I've been testing out Git a bit more recently. The main feature that interests me is the way Git branches. It's light-weight and is managed pretty well by the Git software. for more information, see Chapter 3 of the Git Book.

My plan is to use Git for synchronizing changes I make in my local development for my web server with the live version. I also want Git to manage a development server path which will switch to the branch I last pushed to for testing purposes. Luckily, both of these are fairly simple operations.

Server Setup

Here's the command to install git:

sudo apt-get install git-core

This installs the git-core package as well as the git package. There are a variety of other git packages you could install, though for right now I'm not using any of them.
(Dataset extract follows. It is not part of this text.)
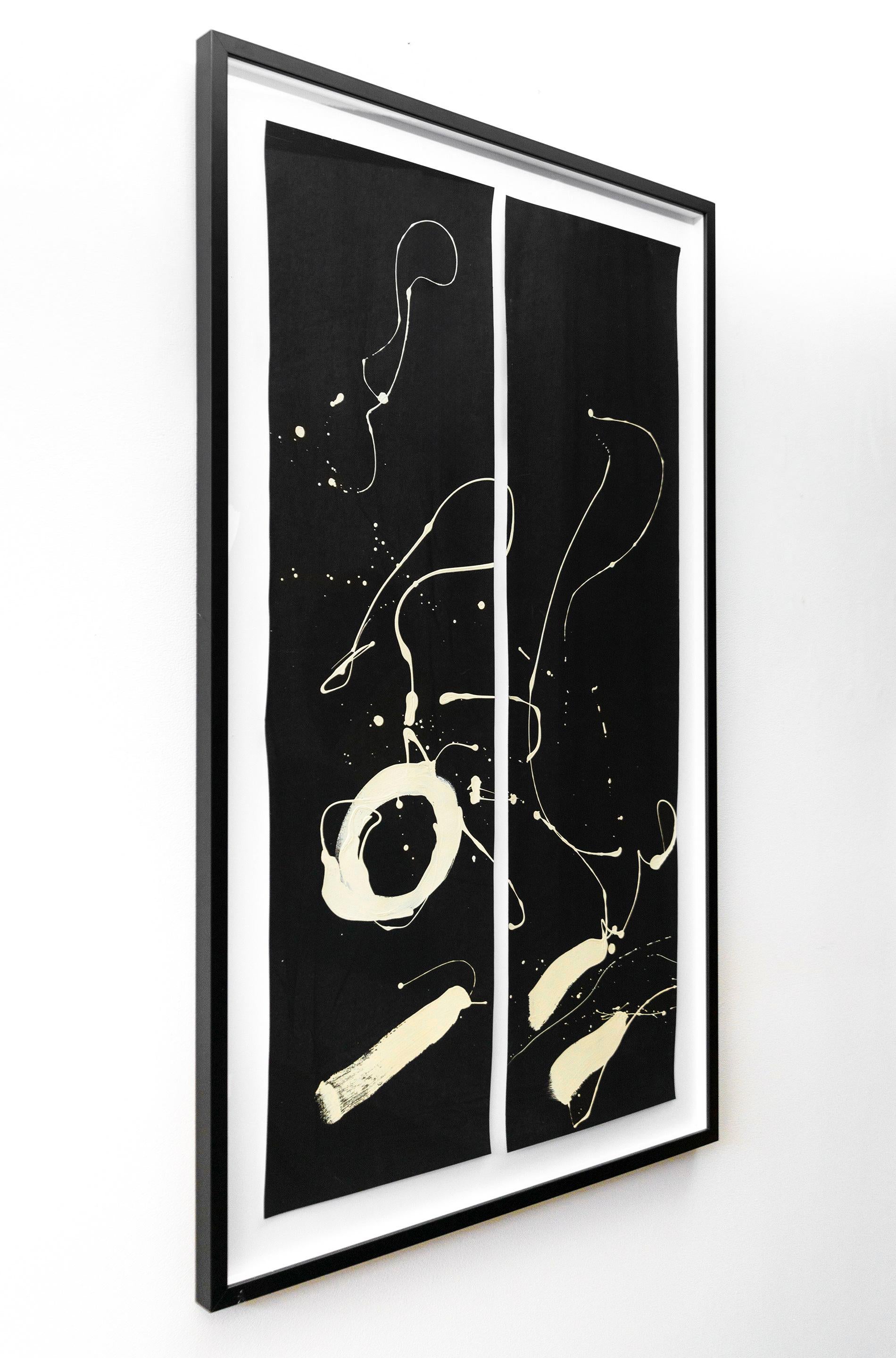 L'artista di Toronto Lynne Fernie preferisce lavorare in bianco e nero. Ama il puro piacere del disegno, la prima forma d'arte che ha iniziato a praticare. I disegni 1 e 2, due pannelli di colore nero con dettagliati segni bianchi, fanno parte di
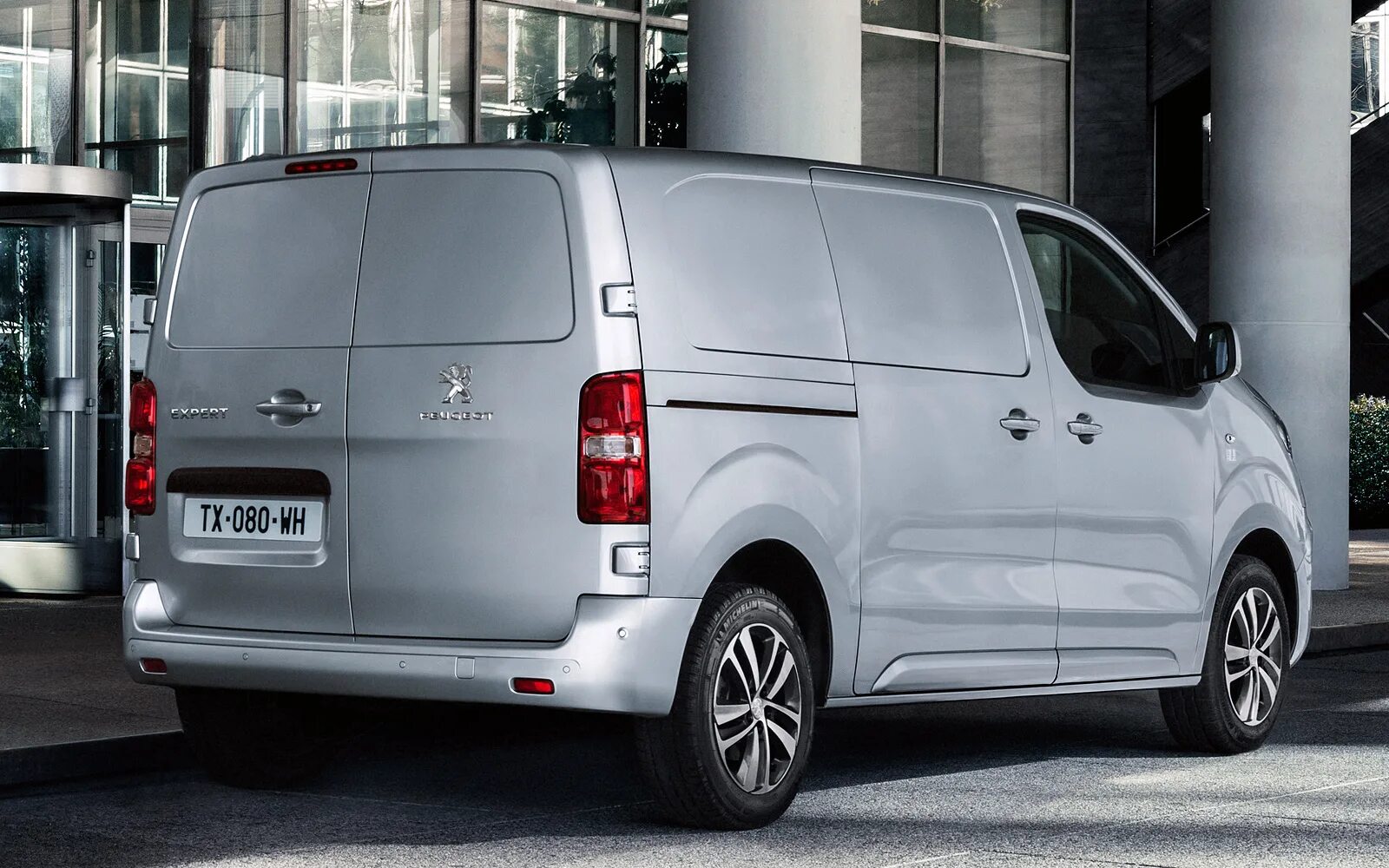 Peugeot expert 3. Peugeot expert 3. Peugeot expert 2016 panel van. Peugeot expert 2017. Peugeot expert traveller 2020.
The first thing to do is find a place for our "blessed" repository. This is a shared bare repository on our server which serves as the master repo. I chose a bare repository for a few reasons:

  1. Supposedly with recent versions of Git (1.7.0 or newer), in order to push changes to a repository it needs to be bare. I haven't tried this out myself, but here's a source I found with the relevant information.
  2. I don't want my server location to hold a working copy. This is in a secure location so I can control access. I'll be cloning this repo for the live/development working copies that the webserver can use.
  3. A shared repo can be pushed to.

I'm storing all of my git repos inside the /opt/git/ repos. Since I do my web development in Eclipse, I also made a sub-folder for all of my Eclipse projects.

As far as I know Git isn't setup well to checkout sub folders from a repository in the same manner SVN is. For this reason I decided that each Eclipse project should be its own Git repository.

# quick-tip: the -p option creates all necessary folders to get to the end leaf
mkdir -p /opt/git/eclipse/project1.git
cd /opt/git/eclipse/project1.git
git init --shared --bare

Next step is to create a hook which will update my server each time I push to the main repo. I'm using a post-update hook for this. The hooks should be placed in the /opt/git/eclipse/project1/hooks/ folder. The file should be executable.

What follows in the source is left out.